** WORK ITEM **
The entire listing below is to be written out exactly, minus the pictures.

** DATASET EXCERPT **
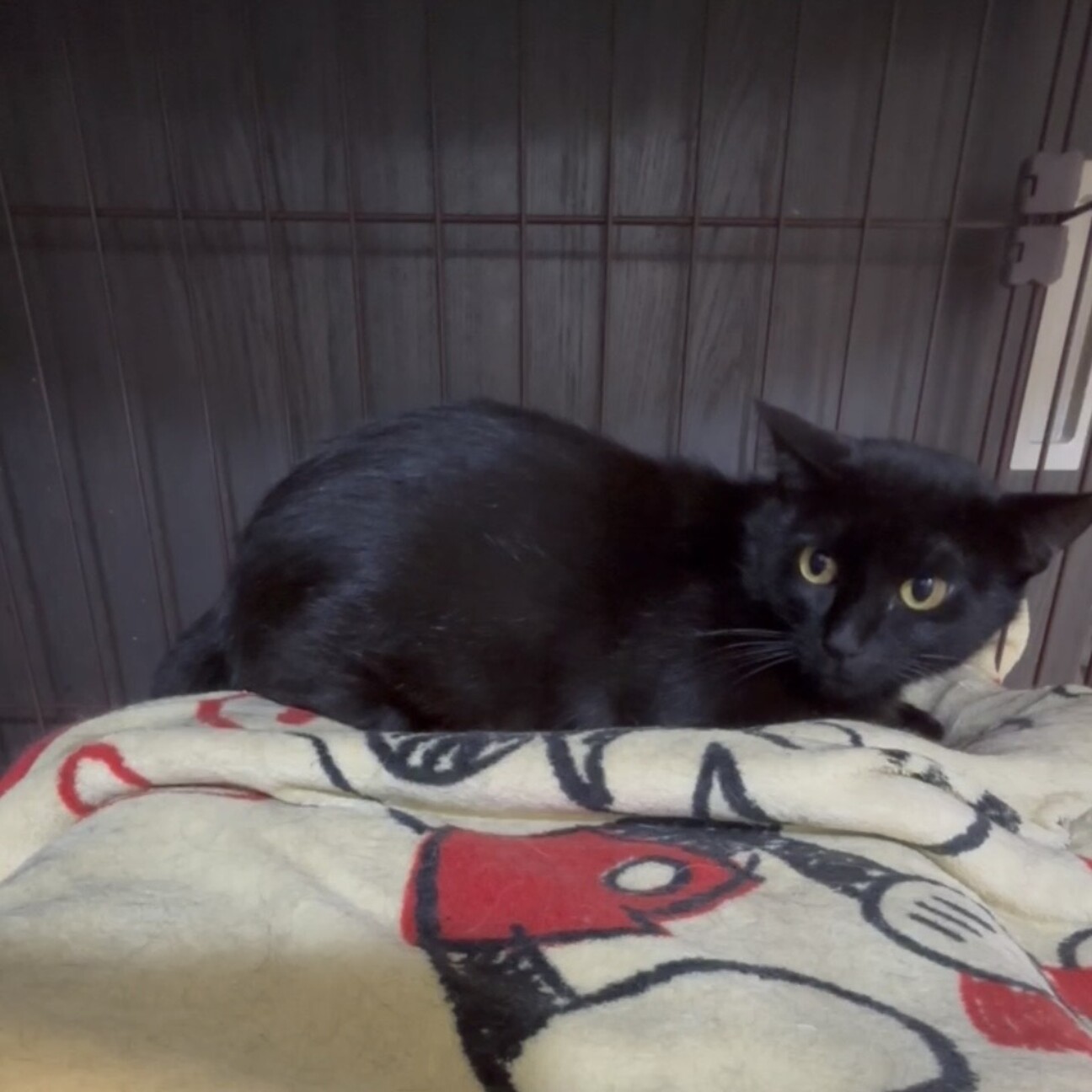 さくらちゃん 控えめ、多頭OK」大阪府 - 猫の里親募集(546393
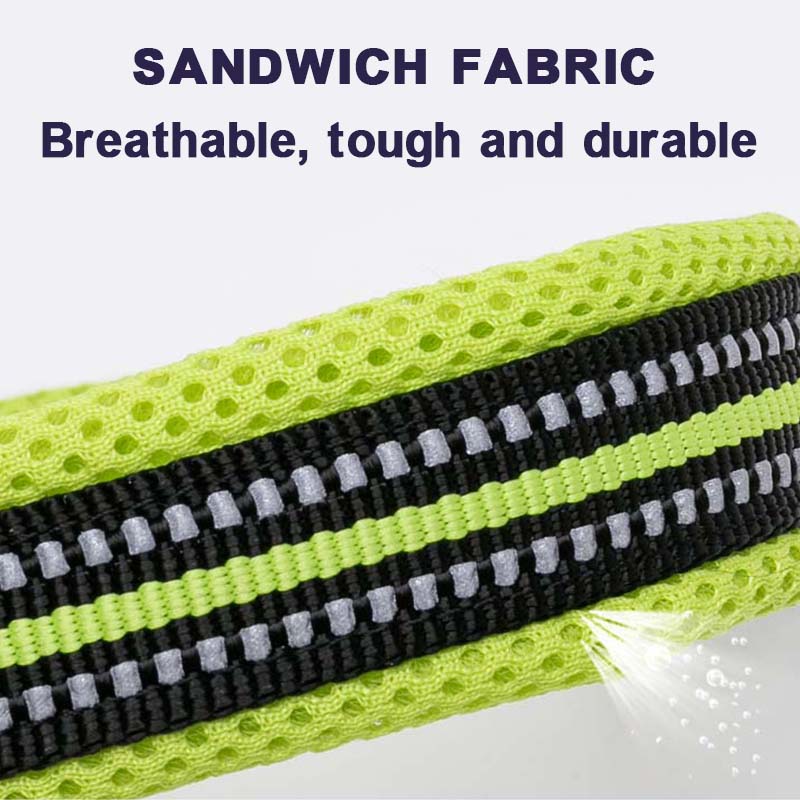 Truelove Hundehalsband zum Gassigehen Komfortgepolstert mit Schnalle Nylon Reisehalsband Taktisches Hundezubehör 11 Farben Größe XXS-XXXL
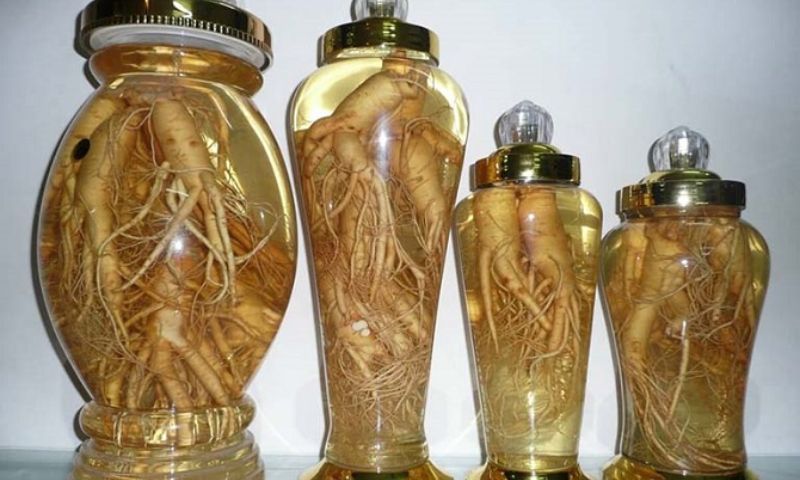 Tác dụng của rượu đinh lăng
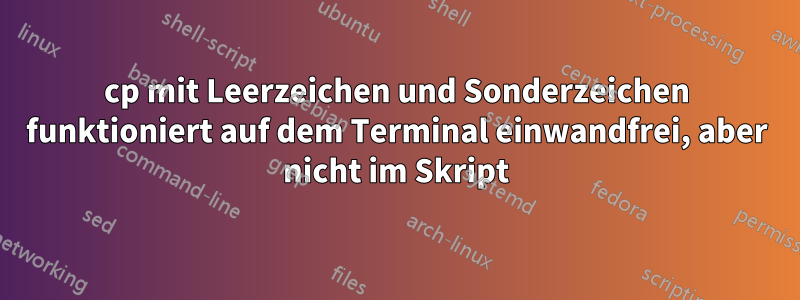 cp mit Leerzeichen und Sonderzeichen funktioniert auf dem Terminal einwandfrei, aber nicht im Skript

** RESPONSE TO THE TASK **
 さくらちゃん 控えめ、多頭OK」大阪府 - 猫の里親募集(546393
 Truelove Hundehalsband zum Gassigehen Komfortgepolstert mit Schnalle Nylon Reisehalsband Taktisches Hundezubehör 11 Farben Größe XXS-XXXL
 Tác dụng của rượu đinh lăng
 cp mit Leerzeichen und Sonderzeichen funktioniert auf dem Terminal einwandfrei, aber nicht im Skript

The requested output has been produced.